Segment Open
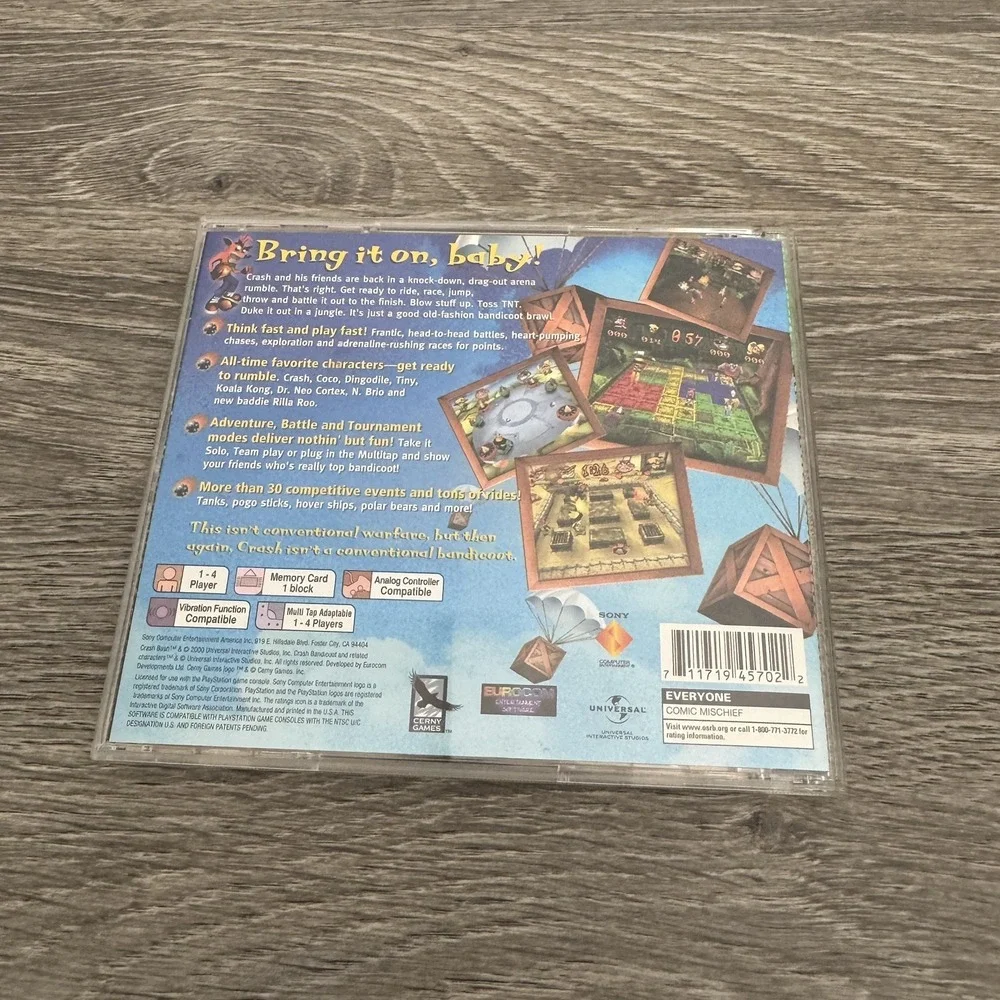Crash Bash PS1 NTSC-U/C (US/CA) E Action & Adventure Crash Bandicoot Multiplayer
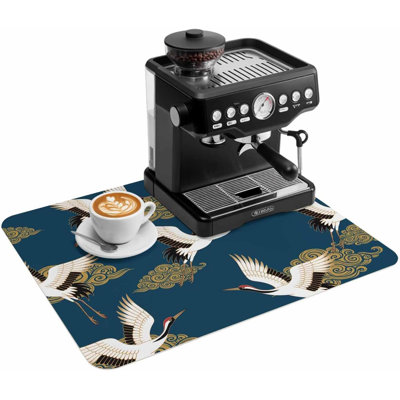 Coffee Mat,Coffee Maker Pad White Fairy Crane Japanese Style Absorbent Non-slip Coffee Bar Accessories Dish Drying Mat for Kitchen Counter,Auspicious Cloud Navy Blue, 16 x 24 in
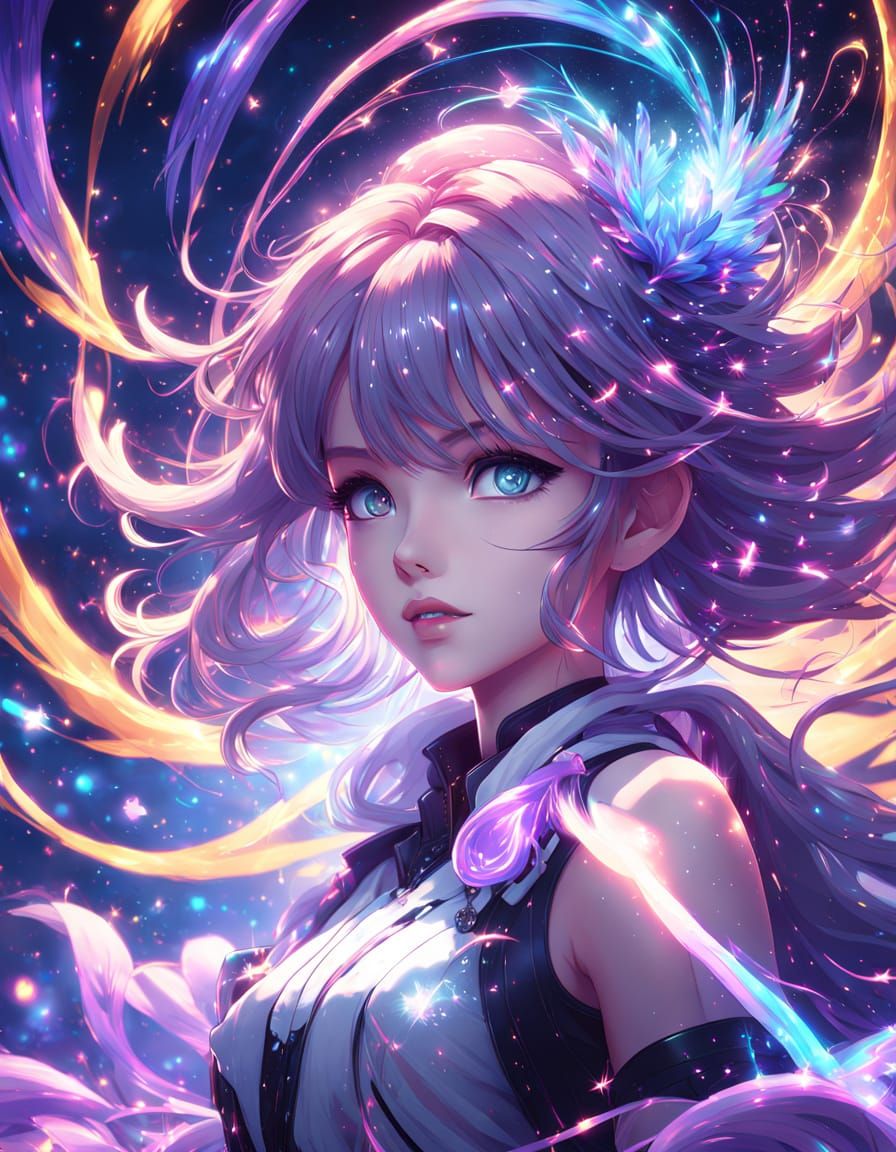 Ethereal Anime Goddess in Vibrant Cosmic Glow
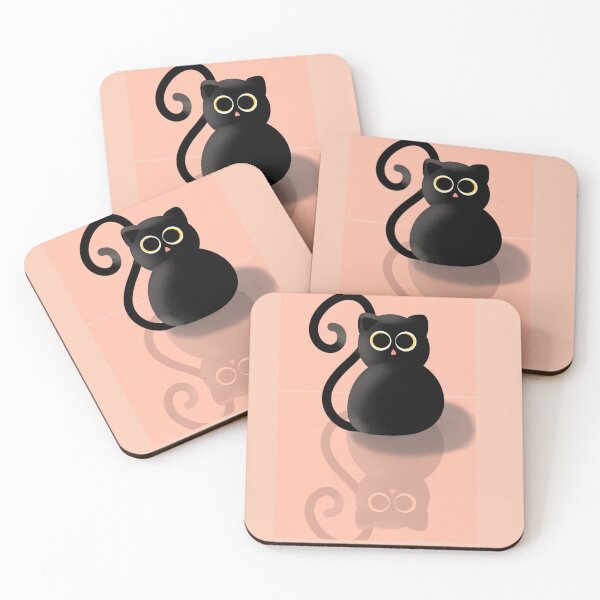 Item preview, puffy black cat designed and sold by Wizabi.
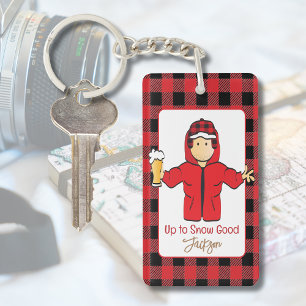 Alaskan Cruise Male Cartoon Funny Snow Saying Keychain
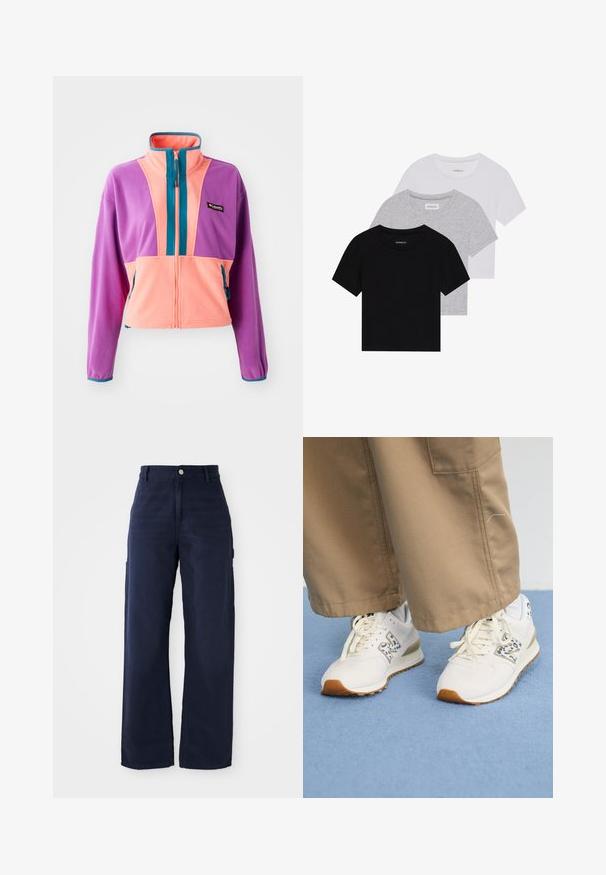 Φλις μπουφάν με ψηλό γιακά, διαθέτει σχέδιο χρωματικών μπλοκ σε μωβ, ροζ και τιρκουάζ. Με φερμουάρ μπροστά και πλαϊνές τσέπες.; Σετ τριών κοντομάνικων μπλουζών σε μαύρο, γκρι και άσπρο. Κατασκευασμένες από βαμβάκι, διαθέτουν λαιμόκοψη και απλό, μονόχρωμο σχέδιο.; Ναυτικό μπλε παντελόνια cargo με φαρδιά πόδια από ανθεκτικό βαμβακερό ύφασμα, διαθέτοντας πλαϊνές τσέπες και κουμπί κλεισίματος στη μέση.; Λευκά αθλητικά παπούτσια με υφή, μπεζ καουτσούκ σόλα. Διαθέτουν μπλε μοτίβο ζώου και επίπεδες, μπεζ κορδόνες, σε συνδυασμό με καφέ παντελόνια.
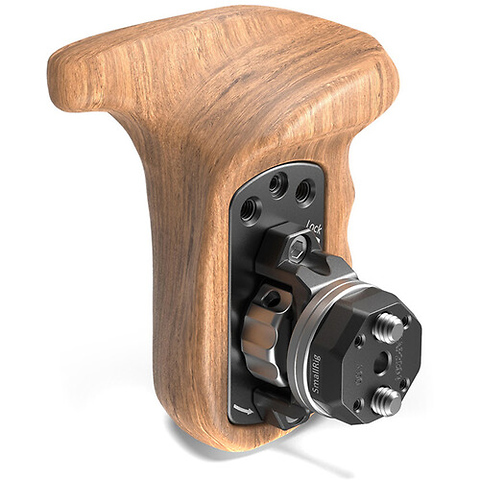 Left-Side Wooden Grip with ARRI-Style Rosettes and Bolt-On Mount Image 0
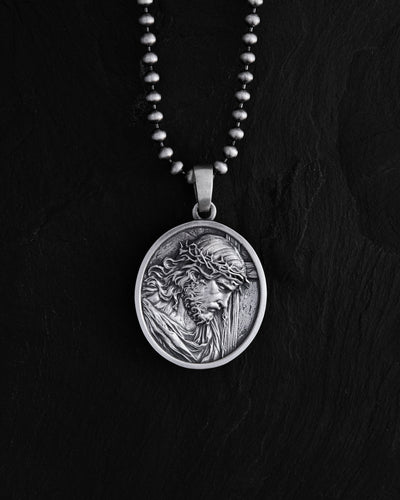 Silberanhänger JESUS CHRISTUS MIT DORNENKRONE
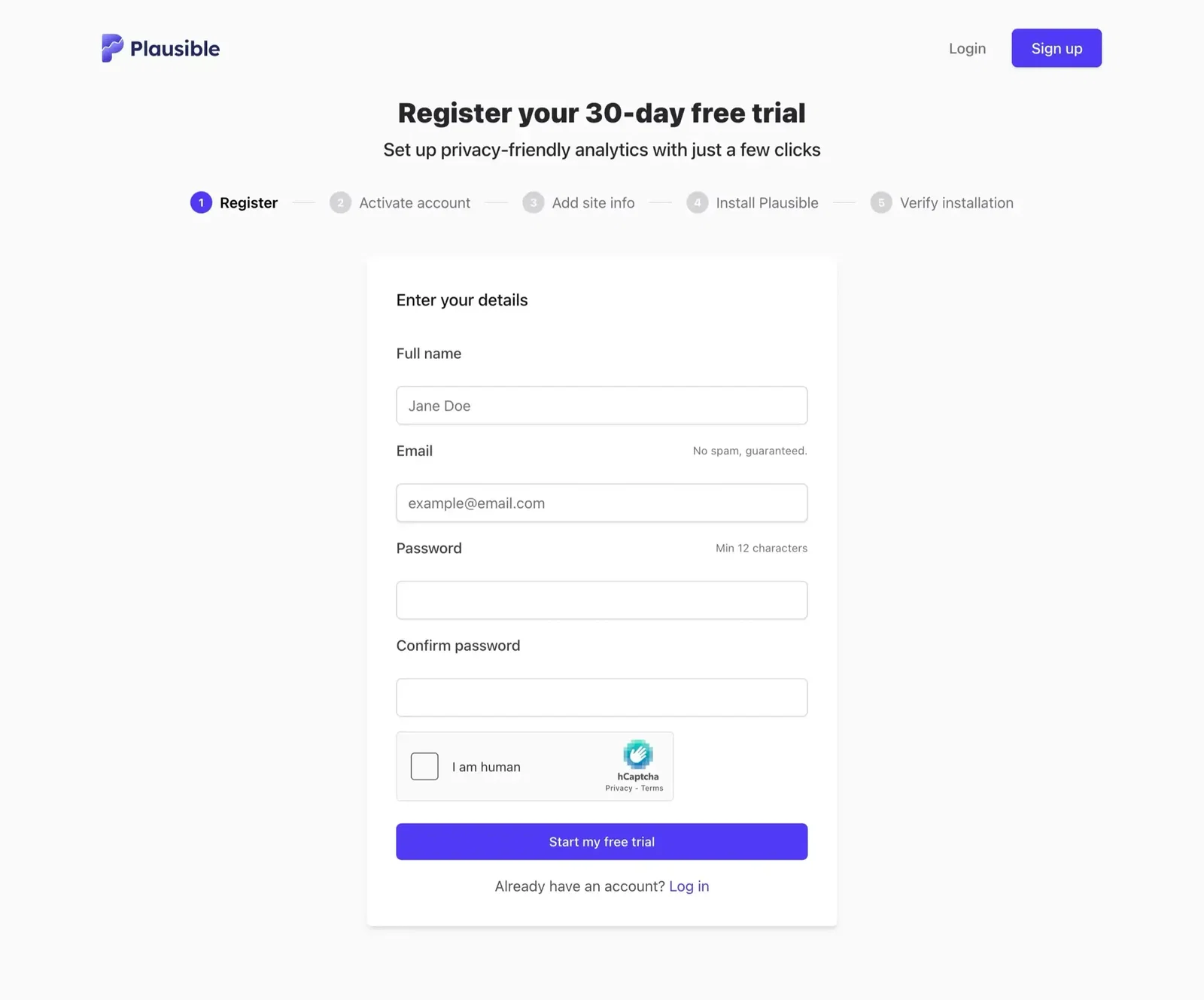 Register for an account with Plausible Analytics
Segment Closed
[Assigned task]
Word for word, print the material above, but without its pictures.

[Answer below]
Crash Bash PS1 NTSC-U/C (US/CA) E Action & Adventure Crash Bandicoot Multiplayer
 Coffee Mat,Coffee Maker Pad White Fairy Crane Japanese Style Absorbent Non-slip Coffee Bar Accessories Dish Drying Mat for Kitchen Counter,Auspicious Cloud Navy Blue, 16 x 24 in
 Ethereal Anime Goddess in Vibrant Cosmic Glow
 Item preview, puffy black cat designed and sold by Wizabi.
 Alaskan Cruise Male Cartoon Funny Snow Saying Keychain
 Φλις μπουφάν με ψηλό γιακά, διαθέτει σχέδιο χρωματικών μπλοκ σε μωβ, ροζ και τιρκουάζ. Με φερμουάρ μπροστά και πλαϊνές τσέπες.; Σετ τριών κοντομάνικων μπλουζών σε μαύρο, γκρι και άσπρο. Κατασκευασμένες από βαμβάκι, διαθέτουν λαιμόκοψη και απλό, μονόχρωμο σχέδιο.; Ναυτικό μπλε παντελόνια cargo με φαρδιά πόδια από ανθεκτικό βαμβακερό ύφασμα, διαθέτοντας πλαϊνές τσέπες και κουμπί κλεισίματος στη μέση.; Λευκά αθλητικά παπούτσια με υφή, μπεζ καουτσούκ σόλα. Διαθέτουν μπλε μοτίβο ζώου και επίπεδες, μπεζ κορδόνες, σε συνδυασμό με καφέ παντελόνια.
 Left-Side Wooden Grip with ARRI-Style Rosettes and Bolt-On Mount Image 0
 Silberanhänger JESUS CHRISTUS MIT DORNENKRONE
 Register for an account with Plausible Analytics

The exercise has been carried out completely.